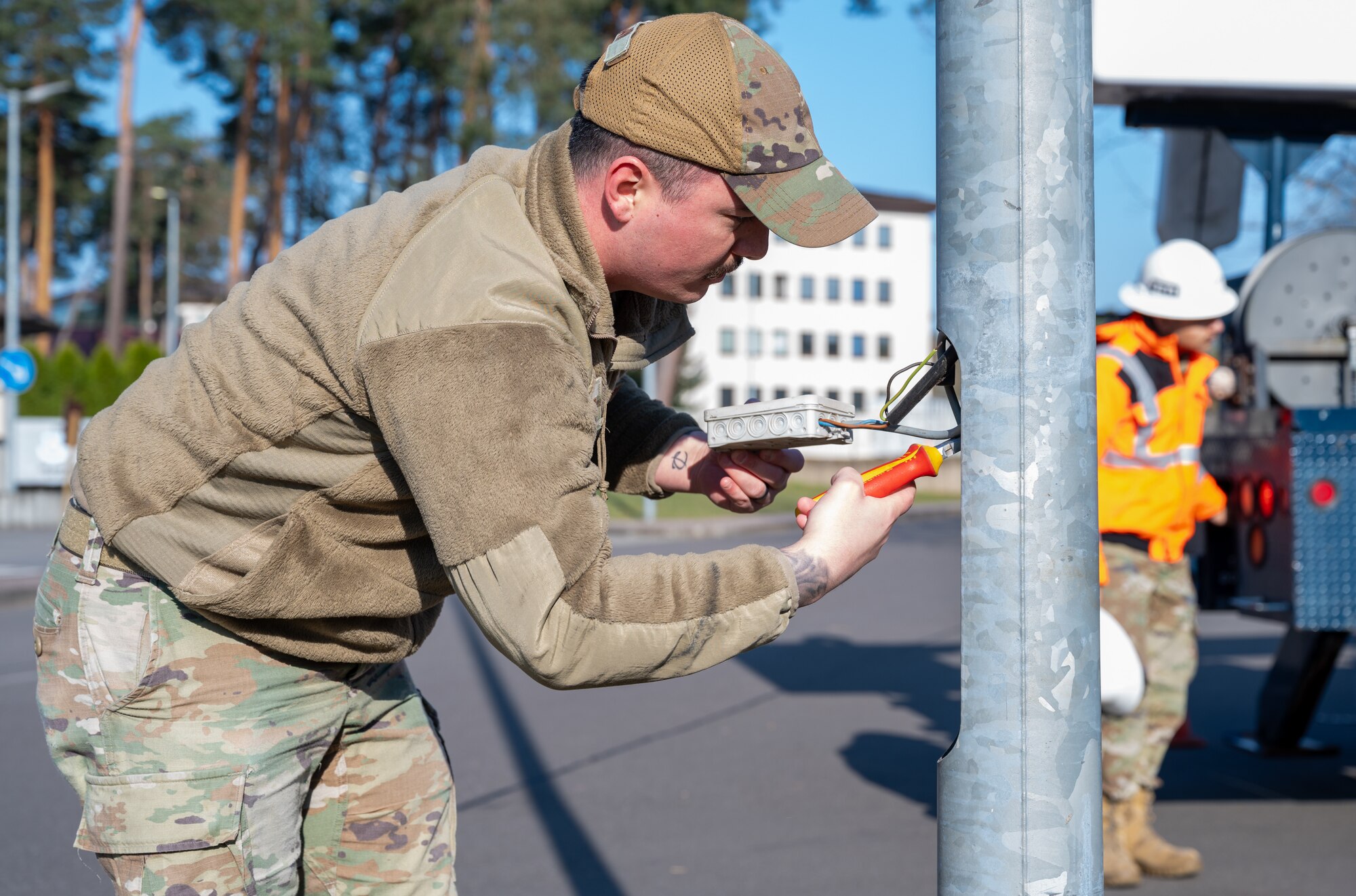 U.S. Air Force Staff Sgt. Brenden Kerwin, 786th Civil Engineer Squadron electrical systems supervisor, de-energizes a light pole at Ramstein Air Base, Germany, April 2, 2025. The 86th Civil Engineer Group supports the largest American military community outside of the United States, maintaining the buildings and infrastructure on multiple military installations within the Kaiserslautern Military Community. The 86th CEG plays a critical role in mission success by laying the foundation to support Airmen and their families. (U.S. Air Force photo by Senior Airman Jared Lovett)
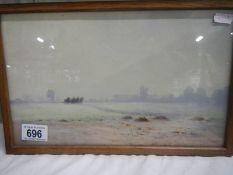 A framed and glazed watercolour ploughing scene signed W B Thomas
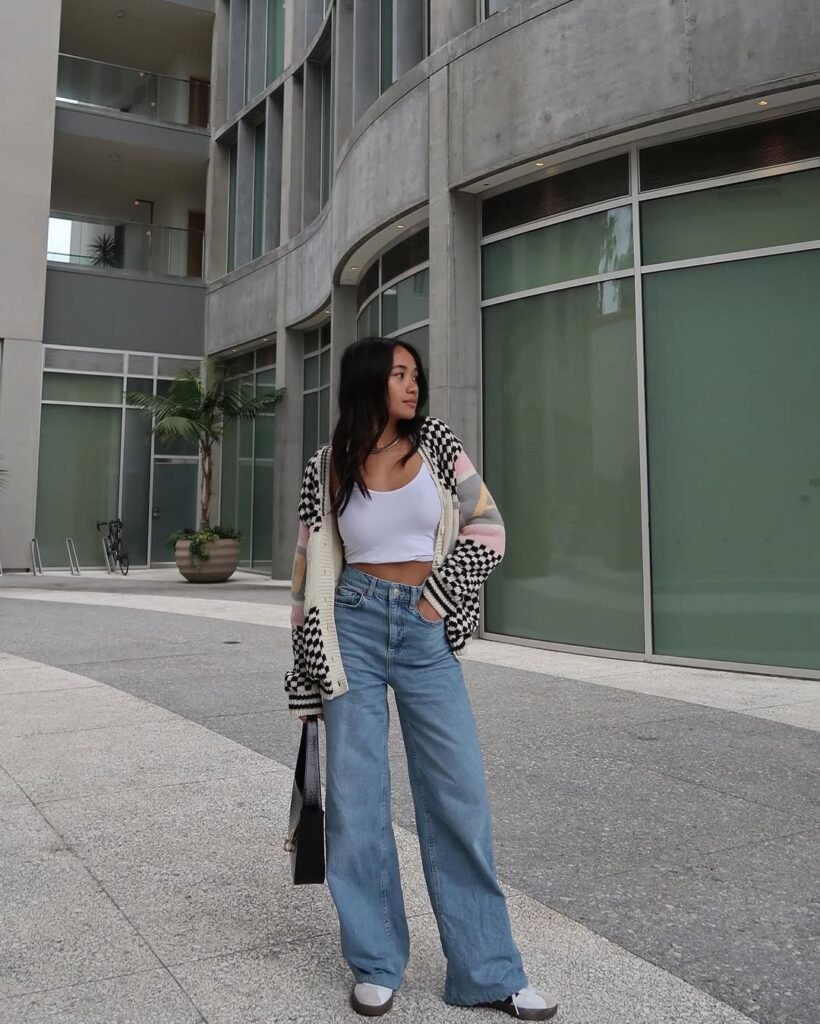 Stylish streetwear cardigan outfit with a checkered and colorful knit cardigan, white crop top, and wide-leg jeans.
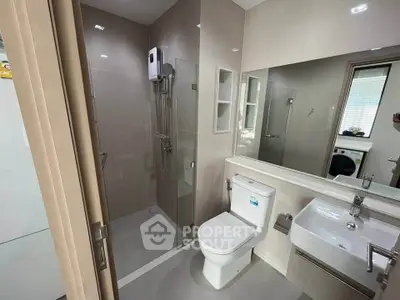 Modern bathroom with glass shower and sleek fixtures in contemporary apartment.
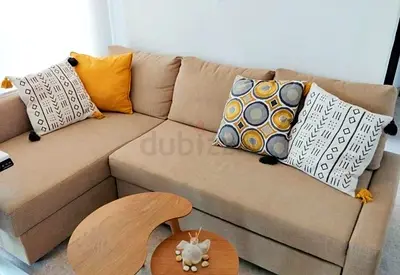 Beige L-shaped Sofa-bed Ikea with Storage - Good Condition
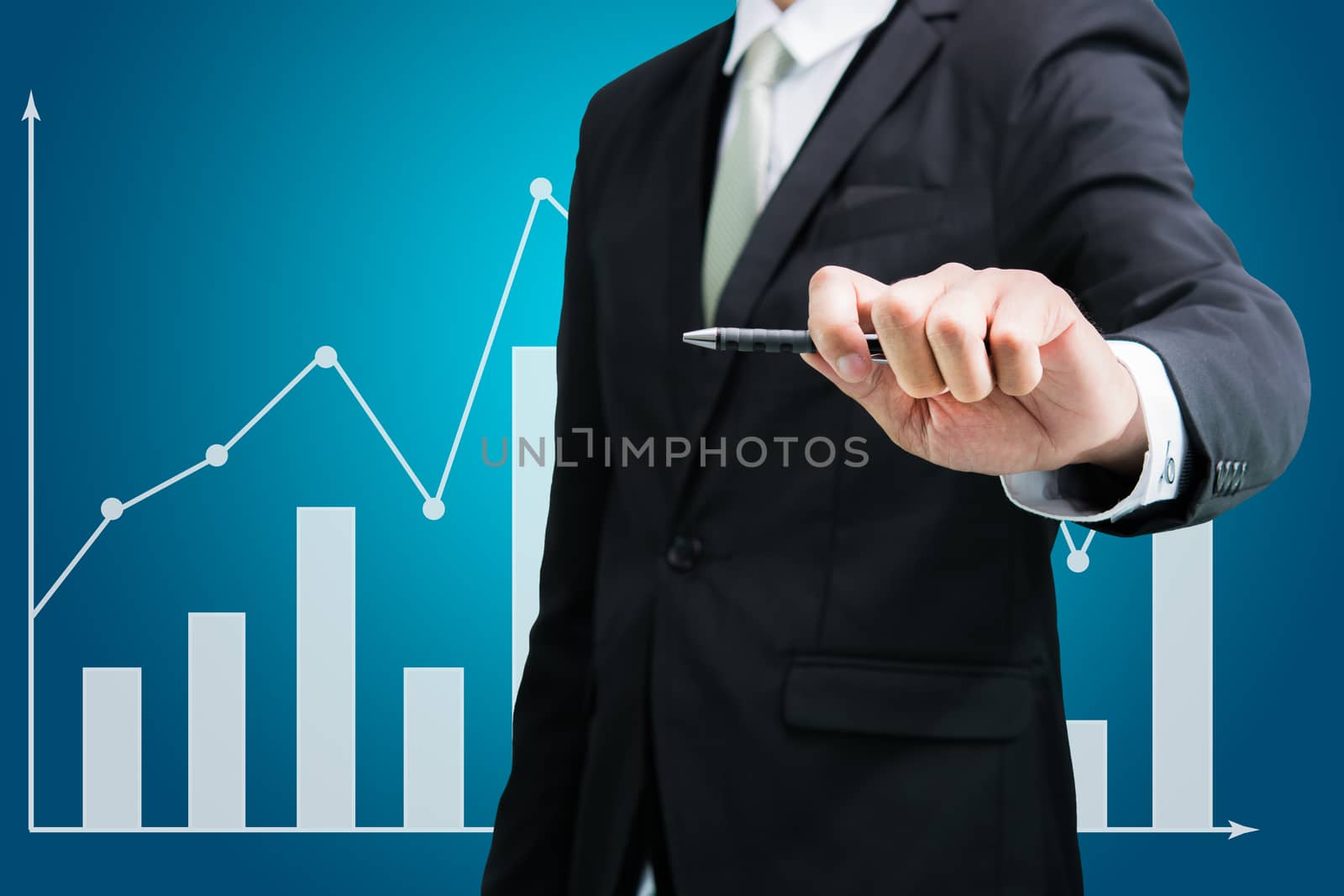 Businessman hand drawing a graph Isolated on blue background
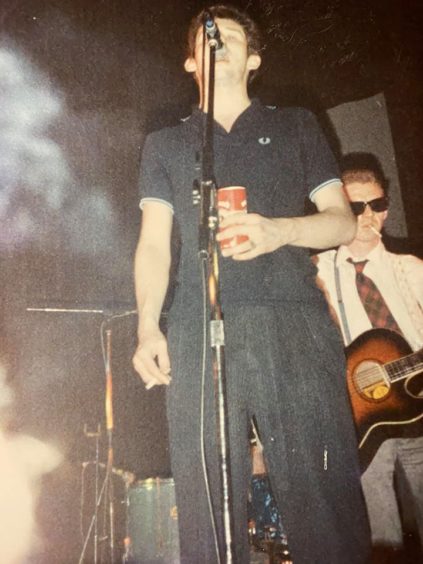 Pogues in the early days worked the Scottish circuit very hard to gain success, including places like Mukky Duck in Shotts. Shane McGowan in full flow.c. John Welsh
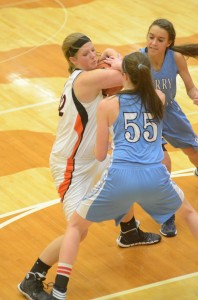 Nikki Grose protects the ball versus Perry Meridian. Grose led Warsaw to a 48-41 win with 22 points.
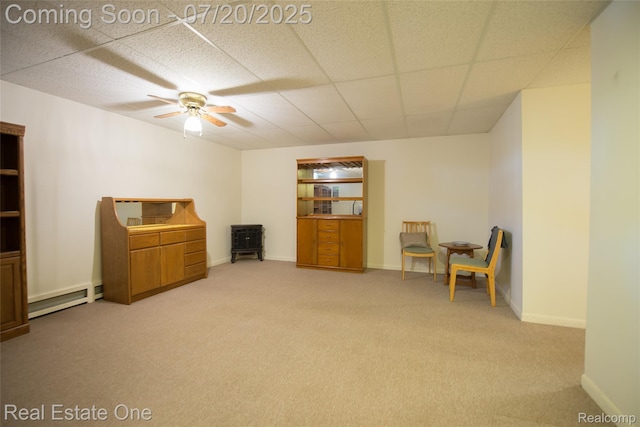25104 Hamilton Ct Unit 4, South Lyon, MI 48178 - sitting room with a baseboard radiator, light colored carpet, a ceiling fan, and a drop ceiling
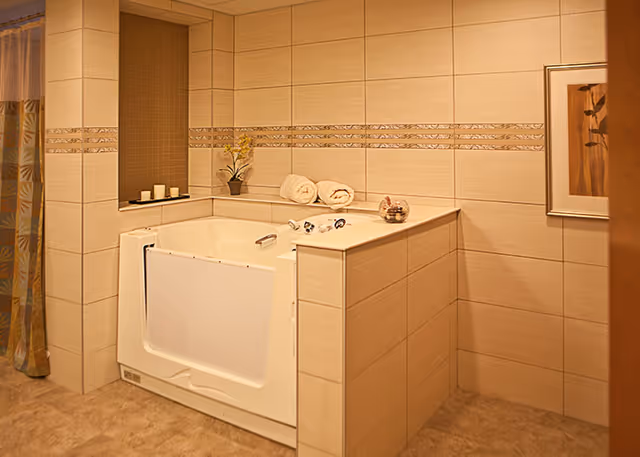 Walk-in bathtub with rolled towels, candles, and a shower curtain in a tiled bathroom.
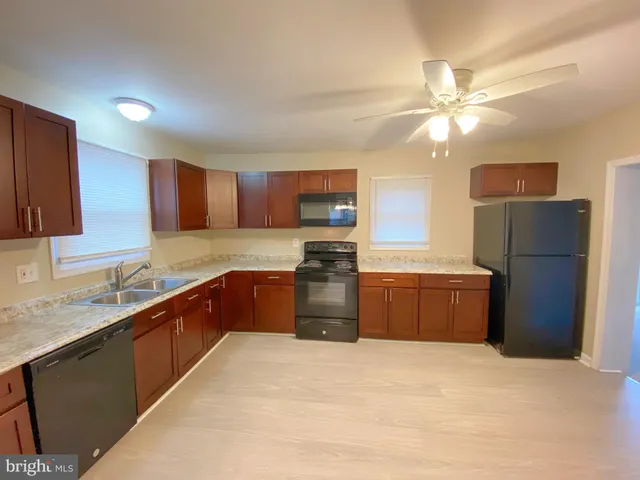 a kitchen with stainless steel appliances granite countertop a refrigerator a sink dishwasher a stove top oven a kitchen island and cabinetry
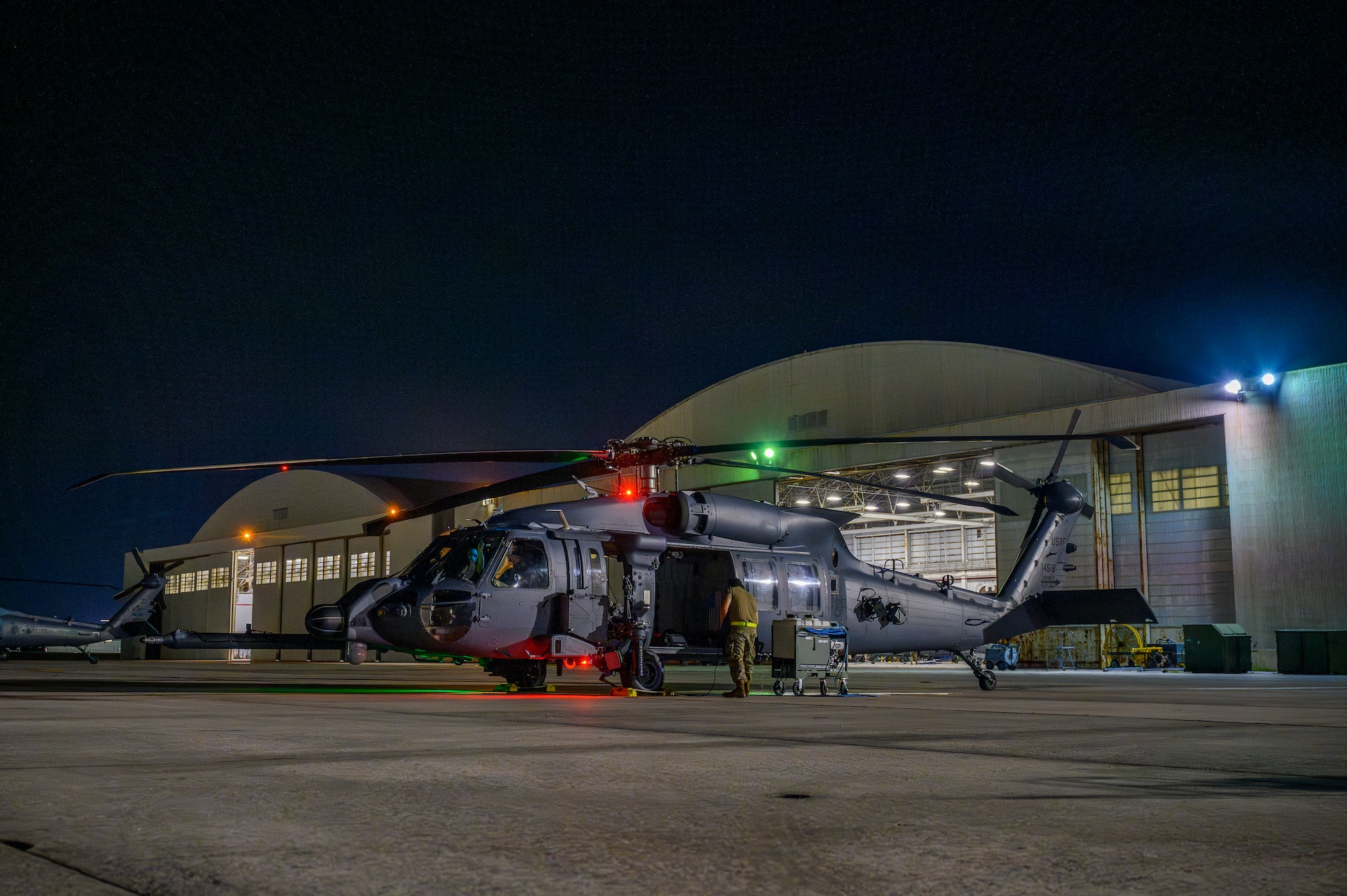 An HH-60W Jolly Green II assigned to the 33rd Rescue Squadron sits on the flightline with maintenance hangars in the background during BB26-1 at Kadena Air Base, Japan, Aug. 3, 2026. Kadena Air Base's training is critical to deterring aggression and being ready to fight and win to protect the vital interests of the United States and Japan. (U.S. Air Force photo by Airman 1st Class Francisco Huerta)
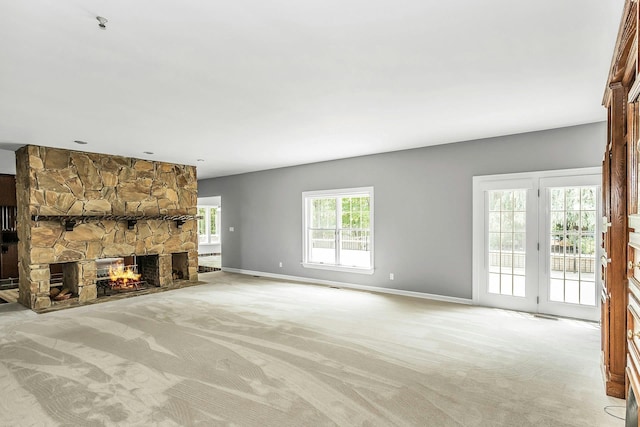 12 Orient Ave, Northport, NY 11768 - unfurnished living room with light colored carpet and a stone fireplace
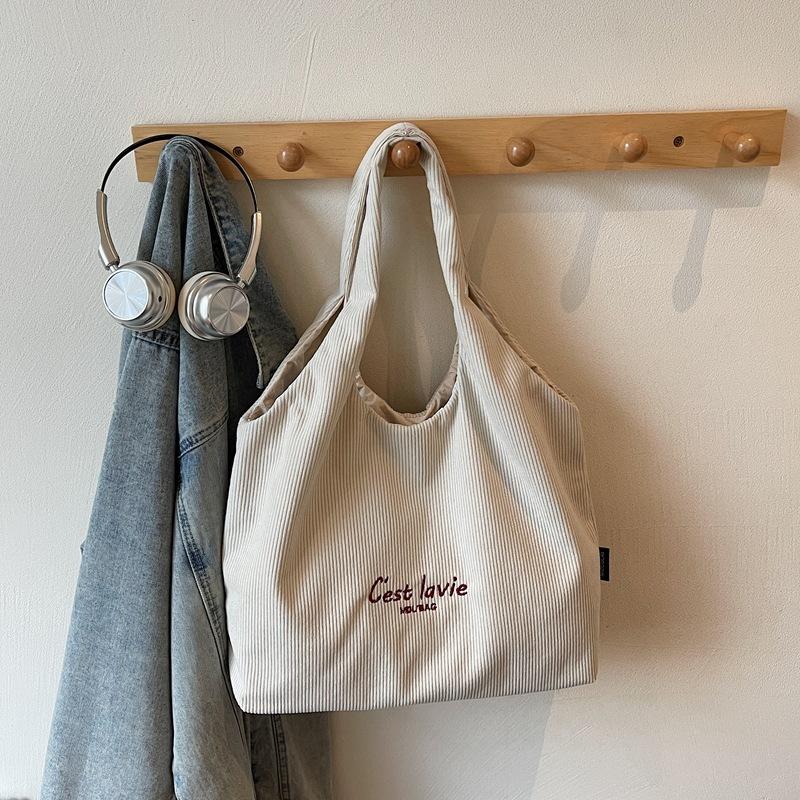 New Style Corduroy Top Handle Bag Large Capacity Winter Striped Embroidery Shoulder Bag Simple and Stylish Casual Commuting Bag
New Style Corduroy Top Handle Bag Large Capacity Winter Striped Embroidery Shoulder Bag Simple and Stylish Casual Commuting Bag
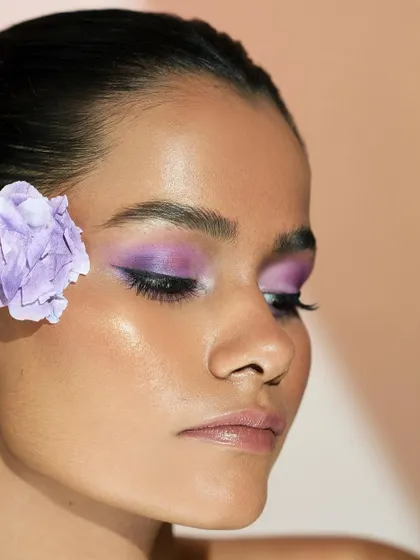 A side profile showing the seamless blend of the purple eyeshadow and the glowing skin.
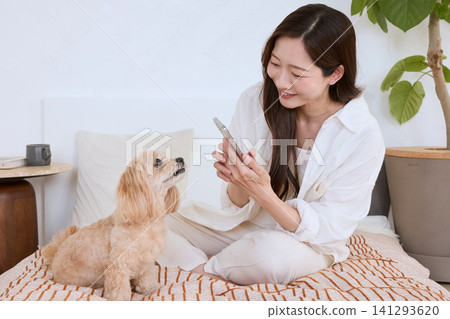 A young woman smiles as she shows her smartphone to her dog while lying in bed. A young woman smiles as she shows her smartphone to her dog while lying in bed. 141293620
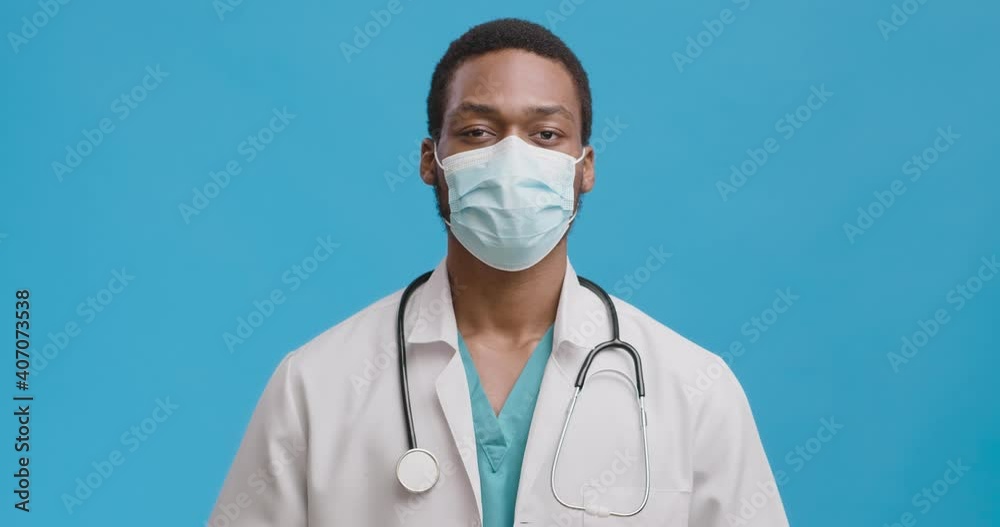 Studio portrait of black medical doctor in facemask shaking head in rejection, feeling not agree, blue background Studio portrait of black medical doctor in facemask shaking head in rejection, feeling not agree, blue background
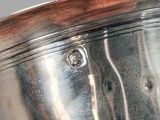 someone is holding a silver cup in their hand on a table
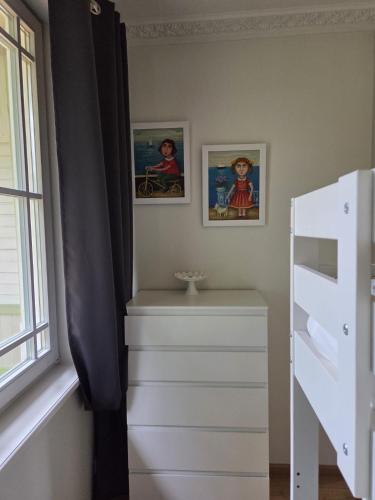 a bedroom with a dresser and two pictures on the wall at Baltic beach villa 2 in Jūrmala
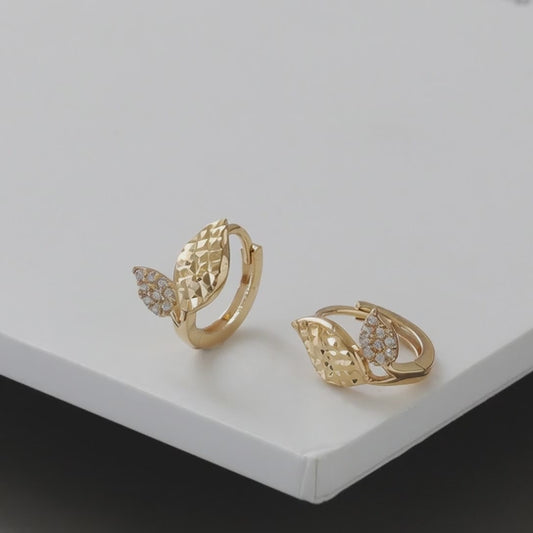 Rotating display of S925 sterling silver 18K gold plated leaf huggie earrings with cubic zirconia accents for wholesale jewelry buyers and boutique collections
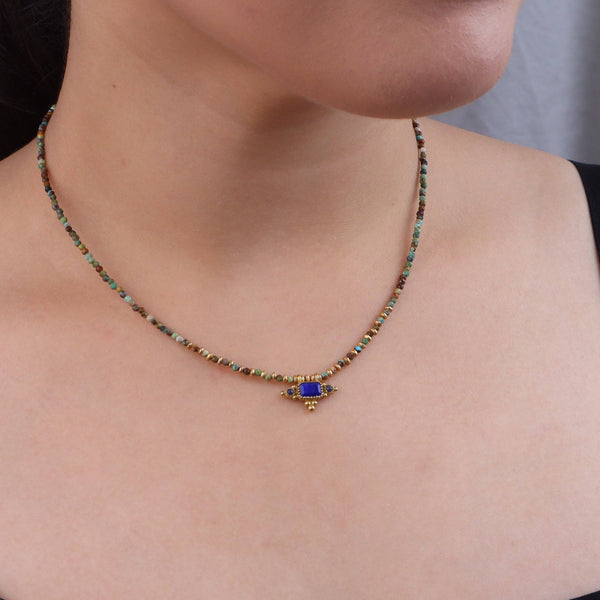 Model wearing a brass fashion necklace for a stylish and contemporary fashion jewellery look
☆ ☆ ☆ ☆ ☆ ☆ ☆
[Required work]
Nothing but the lines above from the line with "Walk-in bathtub with" up to and including the line with "a kitchen with" should be returned, exactly as written and without pictures.

[Reply to the exercise]
 Walk-in bathtub with rolled towels, candles, and a shower curtain in a tiled bathroom.
 a kitchen with stainless steel appliances granite countertop a refrigerator a sink dishwasher a stove top oven a kitchen island and cabinetry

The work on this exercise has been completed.